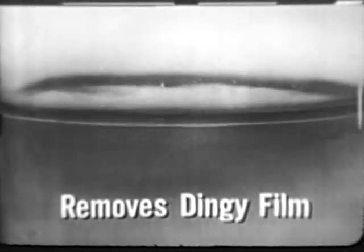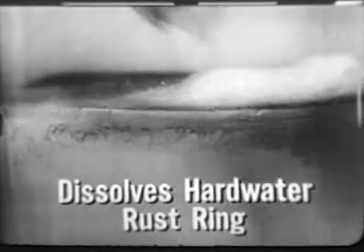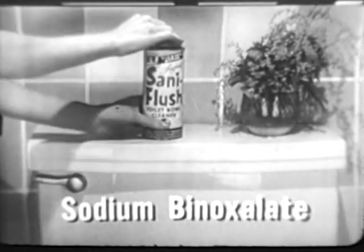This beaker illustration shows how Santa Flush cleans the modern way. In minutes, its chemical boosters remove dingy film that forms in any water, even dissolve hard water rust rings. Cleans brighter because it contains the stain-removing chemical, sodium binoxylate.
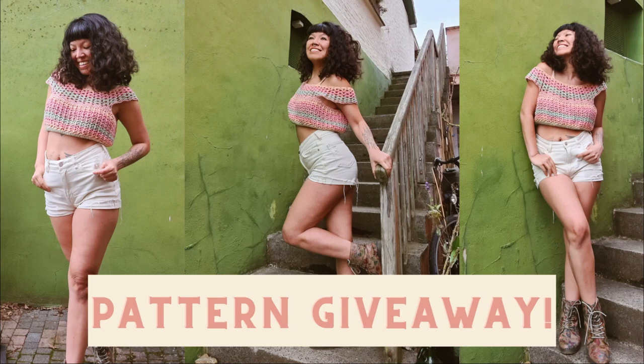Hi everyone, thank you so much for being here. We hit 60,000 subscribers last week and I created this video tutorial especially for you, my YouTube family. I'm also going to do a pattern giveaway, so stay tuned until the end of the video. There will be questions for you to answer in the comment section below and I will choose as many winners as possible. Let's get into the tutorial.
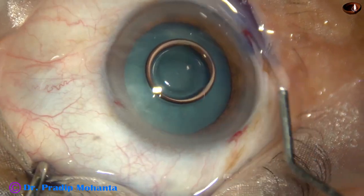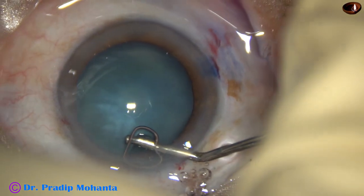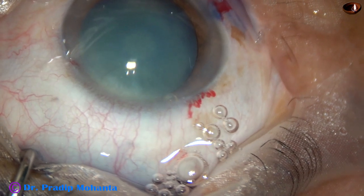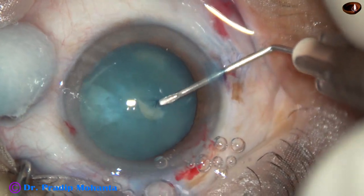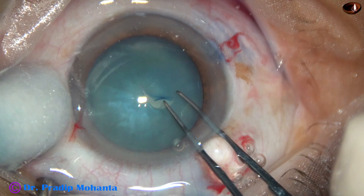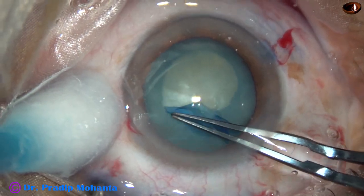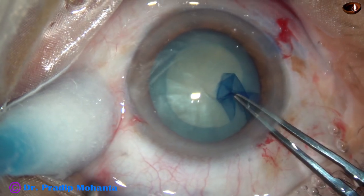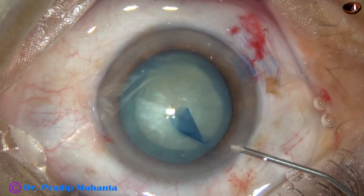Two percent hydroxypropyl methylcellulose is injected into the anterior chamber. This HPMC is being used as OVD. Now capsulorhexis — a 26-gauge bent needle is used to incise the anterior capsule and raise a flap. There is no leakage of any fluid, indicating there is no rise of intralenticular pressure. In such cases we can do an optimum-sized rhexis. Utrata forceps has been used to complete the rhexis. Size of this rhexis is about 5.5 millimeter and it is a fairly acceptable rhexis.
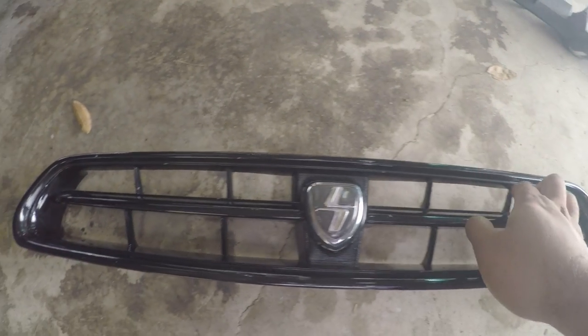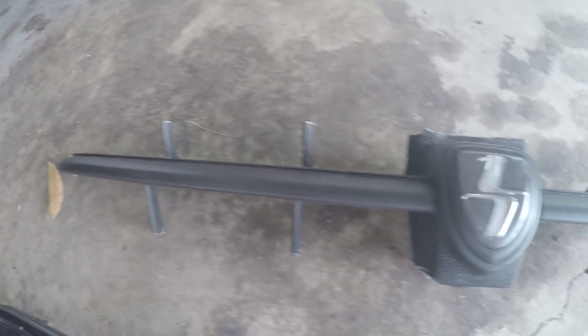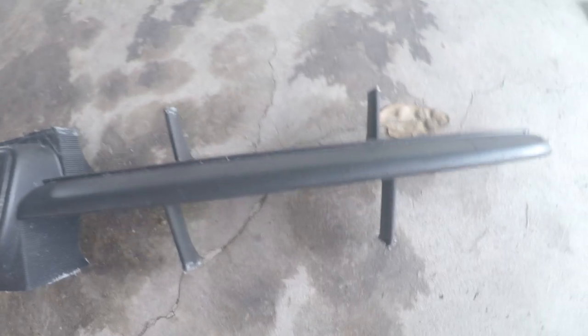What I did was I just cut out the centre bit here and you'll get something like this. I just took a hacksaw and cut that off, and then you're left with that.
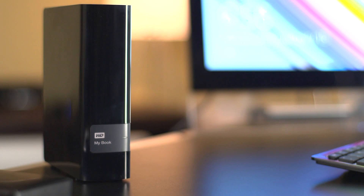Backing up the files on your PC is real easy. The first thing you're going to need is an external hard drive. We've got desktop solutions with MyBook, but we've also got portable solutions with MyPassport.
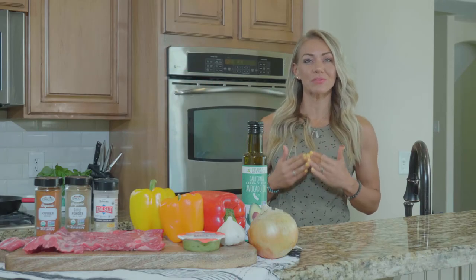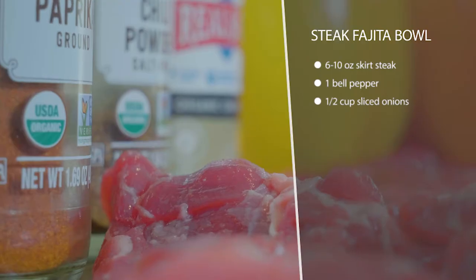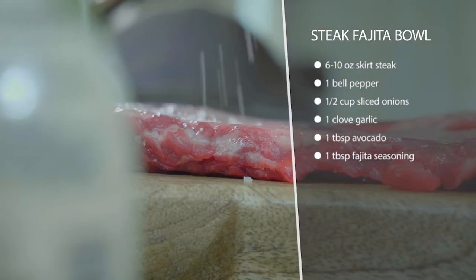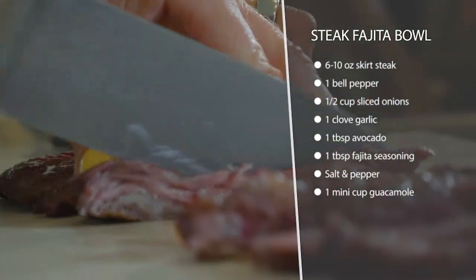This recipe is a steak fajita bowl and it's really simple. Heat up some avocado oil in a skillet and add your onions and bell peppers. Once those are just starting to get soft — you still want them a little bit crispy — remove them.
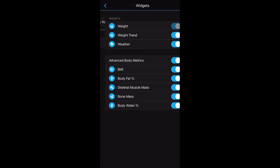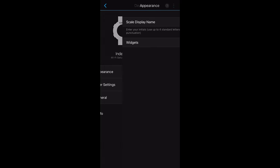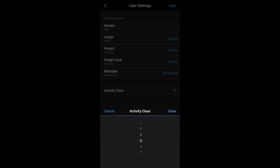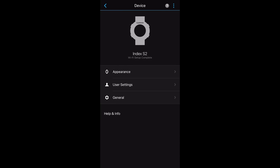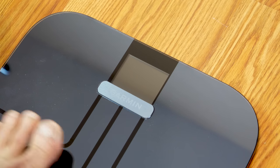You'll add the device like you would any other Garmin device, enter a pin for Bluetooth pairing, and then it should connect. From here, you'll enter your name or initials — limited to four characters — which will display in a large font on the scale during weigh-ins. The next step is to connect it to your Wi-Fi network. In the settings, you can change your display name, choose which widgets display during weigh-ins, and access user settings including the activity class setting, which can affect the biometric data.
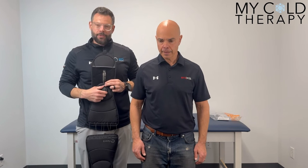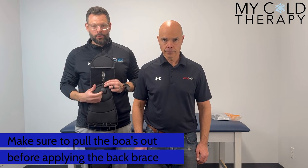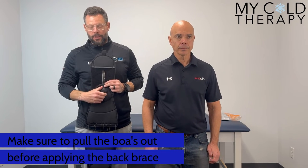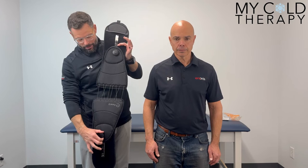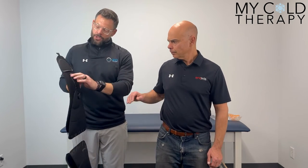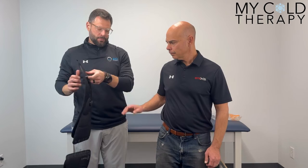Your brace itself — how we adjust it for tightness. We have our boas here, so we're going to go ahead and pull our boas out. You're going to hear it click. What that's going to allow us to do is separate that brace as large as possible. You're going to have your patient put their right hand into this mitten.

::::

TASK DETAILS: An exact copy of all the records, free of pictures, is the expected answer.

OUTPUT:
This beaker illustration shows how Santa Flush cleans the modern way. In minutes, its chemical boosters remove dingy film that forms in any water, even dissolve hard water rust rings. Cleans brighter because it contains the stain-removing chemical, sodium binoxylate.
Hi everyone, thank you so much for being here. We hit 60,000 subscribers last week and I created this video tutorial especially for you, my YouTube family. I'm also going to do a pattern giveaway, so stay tuned until the end of the video. There will be questions for you to answer in the comment section below and I will choose as many winners as possible. Let's get into the tutorial.
Two percent hydroxypropyl methylcellulose is injected into the anterior chamber. This HPMC is being used as OVD. Now capsulorhexis — a 26-gauge bent needle is used to incise the anterior capsule and raise a flap. There is no leakage of any fluid, indicating there is no rise of intralenticular pressure. In such cases we can do an optimum-sized rhexis. Utrata forceps has been used to complete the rhexis. Size of this rhexis is about 5.5 millimeter and it is a fairly acceptable rhexis.
What I did was I just cut out the centre bit here and you'll get something like this. I just took a hacksaw and cut that off, and then you're left with that.
Backing up the files on your PC is real easy. The first thing you're going to need is an external hard drive. We've got desktop solutions with MyBook, but we've also got portable solutions with MyPassport.
This recipe is a steak fajita bowl and it's really simple. Heat up some avocado oil in a skillet and add your onions and bell peppers. Once those are just starting to get soft — you still want them a little bit crispy — remove them.
You'll add the device like you would any other Garmin device, enter a pin for Bluetooth pairing, and then it should connect. From here, you'll enter your name or initials — limited to four characters — which will display in a large font on the scale during weigh-ins. The next step is to connect it to your Wi-Fi network. In the settings, you can change your display name, choose which widgets display during weigh-ins, and access user settings including the activity class setting, which can affect the biometric data.
Your brace itself — how we adjust it for tightness. We have our boas here, so we're going to go ahead and pull our boas out. You're going to hear it click. What that's going to allow us to do is separate that brace as large as possible. You're going to have your patient put their right hand into this mitten.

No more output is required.